Маруся, отстав от Галины Сергеевны, задирает голову:

– Мадам Вайсбейн, я вам завидую: иметь такого мужа – так не надо никакого богатства!

Малка только улыбается. А Иосиф вздыхает:

– Как раз таки богатство нам бы не помешало. Нет чтобы нам жить в собственном доме, где каждый имел бы свой угол с окошком…

– Будут другие времена, – успокаивает его жена Малка.

– Когда они будут – другие времена? Что я могу, маленький лепетутник, если хлебные биржи трещат по швам… Даже Ротшильд терпит убытки!

– Не гневи бога! Все невроку здоровы, ни войны, ни погромов… Что еще надо?

– Дети растут, им скоро негде будет заниматься уроками…

– А у некоторых твоих детей уроки совсем не в голове!

Поднимая босыми ногами пыль, во двор влетает Лёдя. Его тут же окружают дружки-пацаны.

– Вот! – Мама Малка с галереи указывает на Лёдю. – Уже семь лет, а он и слышать не хочет ни про какую учебу!

Лёдя, не обращая на маму внимания, предлагает дружкам:

– Айда сливы таскать у барыни! – И во главе своей компашки уносится со двора.

– Лёдька! – летит ему вслед возмущенно-беспомощный дуэт мамы с папой.

Таскать у барыни сливы, а также яблоки и груши было любимым занятием этих малолетних паразитов.
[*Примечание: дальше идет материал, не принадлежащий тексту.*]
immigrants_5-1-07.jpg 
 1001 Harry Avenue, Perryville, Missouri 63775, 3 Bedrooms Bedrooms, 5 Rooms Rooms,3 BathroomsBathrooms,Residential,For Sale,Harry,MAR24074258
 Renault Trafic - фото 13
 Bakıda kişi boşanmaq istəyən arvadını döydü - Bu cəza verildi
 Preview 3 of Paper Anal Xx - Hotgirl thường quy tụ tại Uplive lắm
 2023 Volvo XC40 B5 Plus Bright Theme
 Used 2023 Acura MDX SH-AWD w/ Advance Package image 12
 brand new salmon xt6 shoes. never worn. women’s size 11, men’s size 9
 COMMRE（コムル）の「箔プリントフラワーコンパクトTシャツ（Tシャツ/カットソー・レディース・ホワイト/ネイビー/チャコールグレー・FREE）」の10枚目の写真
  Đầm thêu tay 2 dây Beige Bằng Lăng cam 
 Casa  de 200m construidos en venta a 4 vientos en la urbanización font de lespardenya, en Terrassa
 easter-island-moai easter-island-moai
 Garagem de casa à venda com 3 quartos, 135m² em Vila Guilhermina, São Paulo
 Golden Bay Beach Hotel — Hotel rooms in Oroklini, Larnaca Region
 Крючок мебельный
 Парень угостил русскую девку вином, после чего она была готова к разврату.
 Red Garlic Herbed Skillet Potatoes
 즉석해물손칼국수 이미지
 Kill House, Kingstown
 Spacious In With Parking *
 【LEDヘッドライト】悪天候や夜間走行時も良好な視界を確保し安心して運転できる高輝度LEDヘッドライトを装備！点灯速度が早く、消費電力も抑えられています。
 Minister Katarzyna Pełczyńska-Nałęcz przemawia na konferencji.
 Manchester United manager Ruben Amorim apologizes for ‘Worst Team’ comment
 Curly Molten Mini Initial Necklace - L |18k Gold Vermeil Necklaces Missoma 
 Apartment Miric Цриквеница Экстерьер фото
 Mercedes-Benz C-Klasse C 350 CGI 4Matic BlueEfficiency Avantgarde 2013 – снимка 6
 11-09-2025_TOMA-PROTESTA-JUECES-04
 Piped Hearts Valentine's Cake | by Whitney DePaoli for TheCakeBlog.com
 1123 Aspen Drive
Барыня – впрочем, неизвестно, почему они называли ее барыней, – жила одна в старом доме. Ветви деревьев ее небольшого запущенного сада склонялись под тяжестью плодов. А сама барыня – ну или кто она там была, – тощая женщина с растрепанными седыми прядями, взбитыми легкомысленными кудряшками, одетая в пышный розовый пеньюар, тоже легкомысленный и не вязавшийся с ее старческой фигурой, подперев кулачком подбородок, слушала лакированный фонограф, стоявший на столе. При этом она мечтательно прикрывала глаза и странная улыбка блуждала на ее узких губах. Кто знает, о чем думала, что вспоминала, куда уносилась в мечтах эта, вполне возможно, бывшая красавица… А на валиках фонографа крутилась всегда одна и та же мелодия – ария Ленского: «Куда, куда вы удалились, весны моей златые дни?»